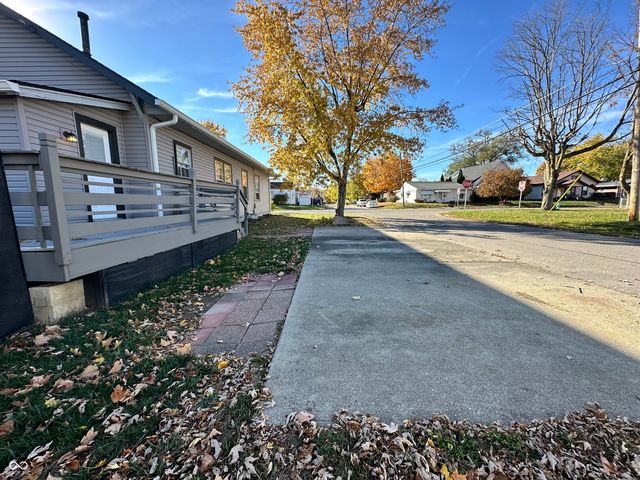 191 N 7th Avenue, Beech Grove, IN 46107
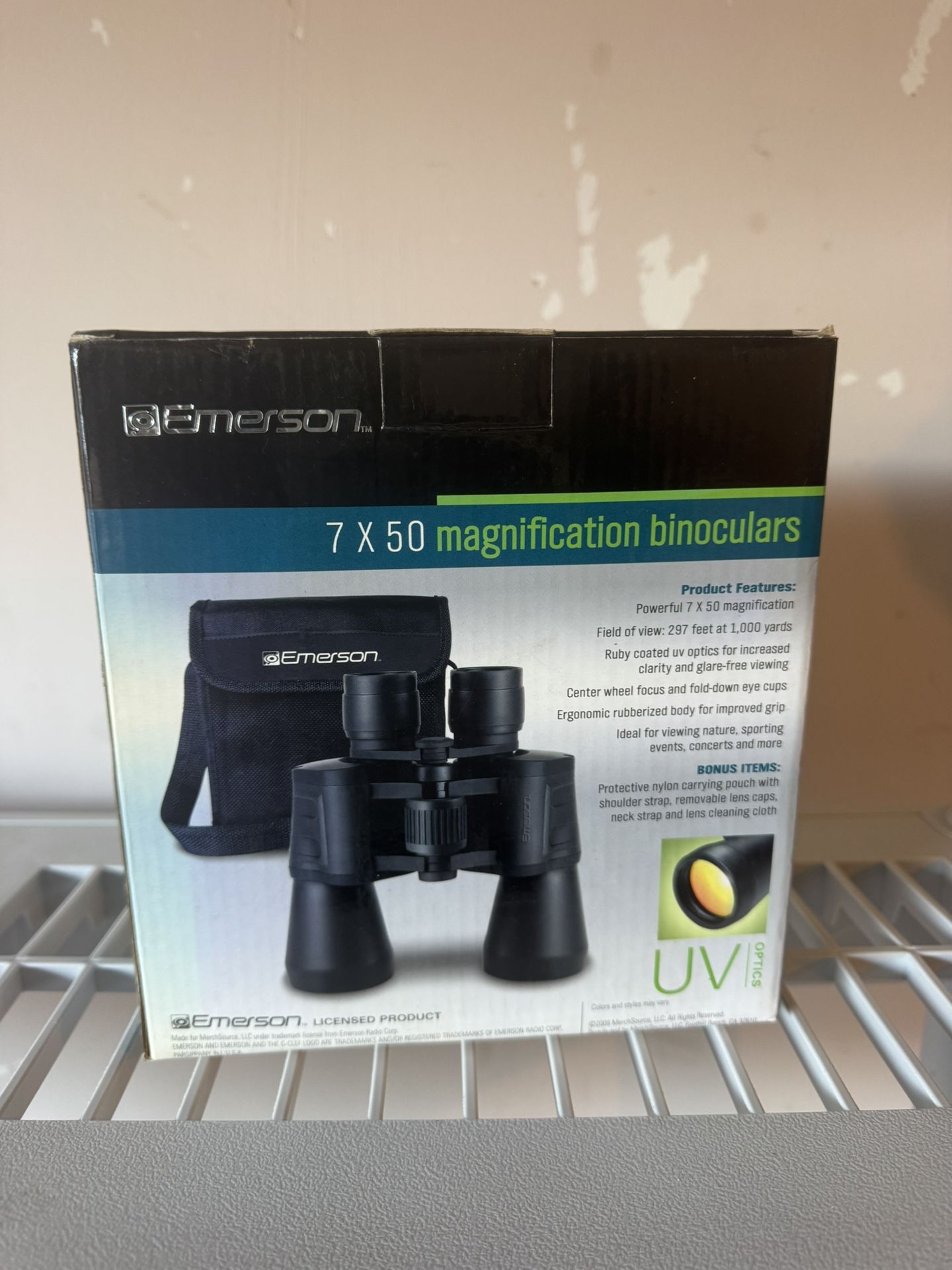 Emerson 7 x 50 Magnification Binoculars - Like New!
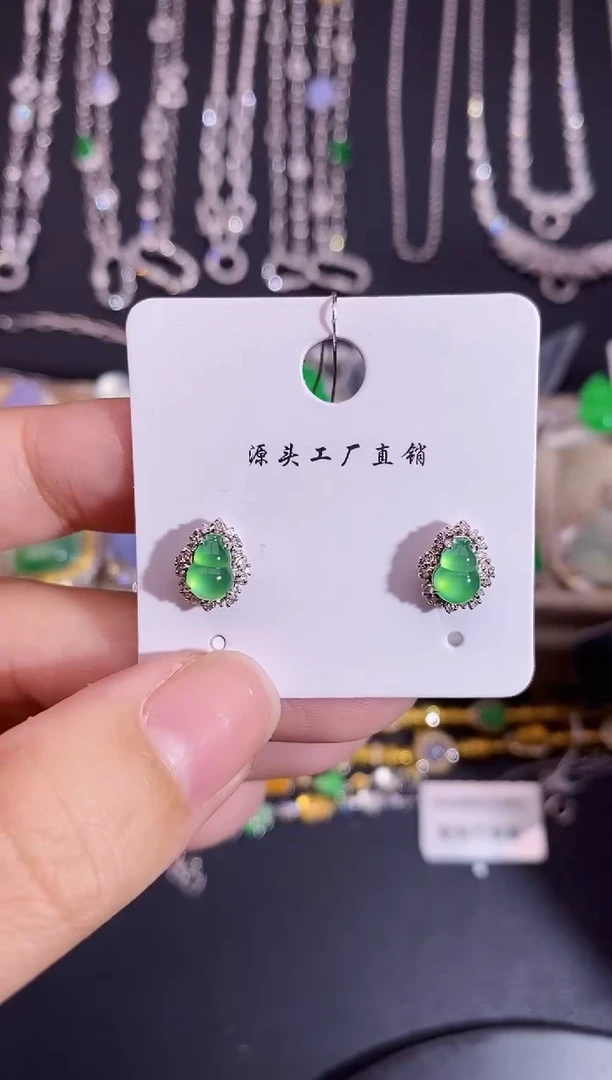 颈饰18K金镶嵌翡翠耳钉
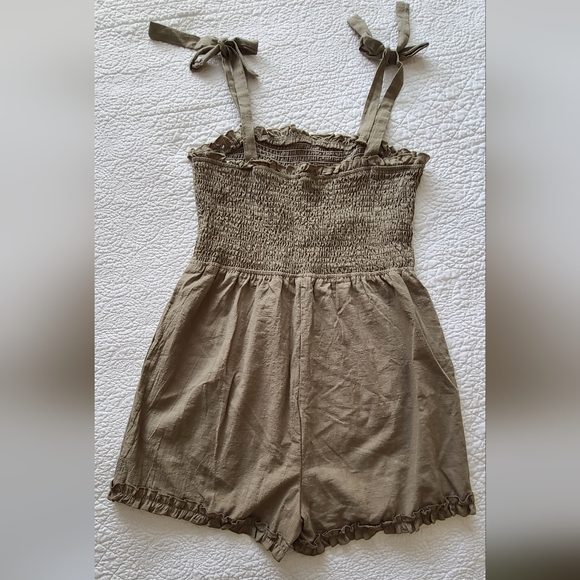 Eilly Bazar Romper - Picture 3 of 3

## REQUIRED ACTION
The preceding listing is to be restated word for word, with every picture omitted.

## THE COMPLETED TASK
 191 N 7th Avenue, Beech Grove, IN 46107
 Emerson 7 x 50 Magnification Binoculars - Like New!
 颈饰18K金镶嵌翡翠耳钉
 Eilly Bazar Romper - Picture 3 of 3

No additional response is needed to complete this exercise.